Computer Architecture – ETH Zürich – Fall 2017 - matt_d
https://www.youtube.com/playlist?list=PL5Q2soXY2Zi9OhoVQBXYFIZywZXCPl4M_
======
aladinator
I took the course this year. Prof Mutlu is a fantastic teacher, I learned a
lot but the course was a lot of effort, especially the labs. Nevertheless,
best course I took at ETH so far.

Course material:
[https://safari.ethz.ch/farm/architecture_fs17/doku.php?id=st...](https://safari.ethz.ch/farm/architecture_fs17/doku.php?id=start)

------
b3h3moth
I would like to point your attention to:

"From NAND to Tetris. Building a Modern Computer From First Principles"

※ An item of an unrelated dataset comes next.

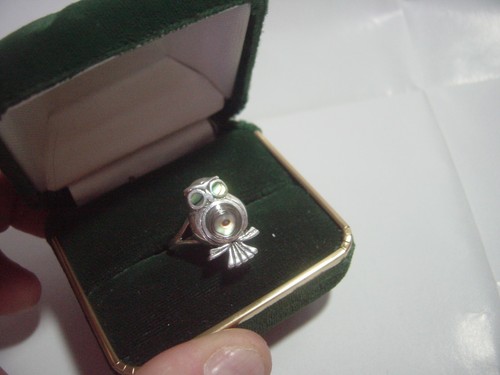 Vintage solid thick - solid,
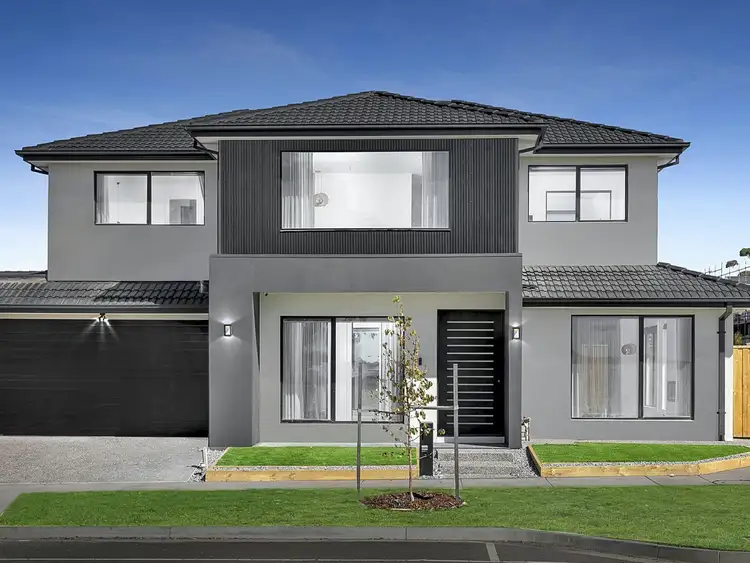 Main view of Homely house listing, 10 Jamaican Road, Sunbury VIC 3429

[http://www.nand2tetris.org/](http://www.nand2tetris.org/)

------
Annatar
Ah, ETH. Still among the top ten elite computer science universities in the
world. Nice to see it's getting some exposure on "Hacker News".

I'm a technical architect by trade and profession, this is how I earn my
living. Students have apprenticed under me over the years. This is not how I
would approach teaching computer architecture. He's teaching basic principles.
In my view, architecting systems and software is an advanced topic, in the
600-700 difficulty range. The material he's teaching is in the 100 range. It's
very theoretical, and I firmly believe that teaching architecture needs to be
a very practical, hands-on experience, and that the prerequisite is about 20
years of professional system engineering experience first: technical
implementation experience, systems experience, integration and testing
experience in the area of small and large scale systems. System, network, and
database development and administration. Digital logic circuit design.
Requirements gathering, documentation. Those would be the prerequisites for
teaching someone to become an architect in the context of computer science.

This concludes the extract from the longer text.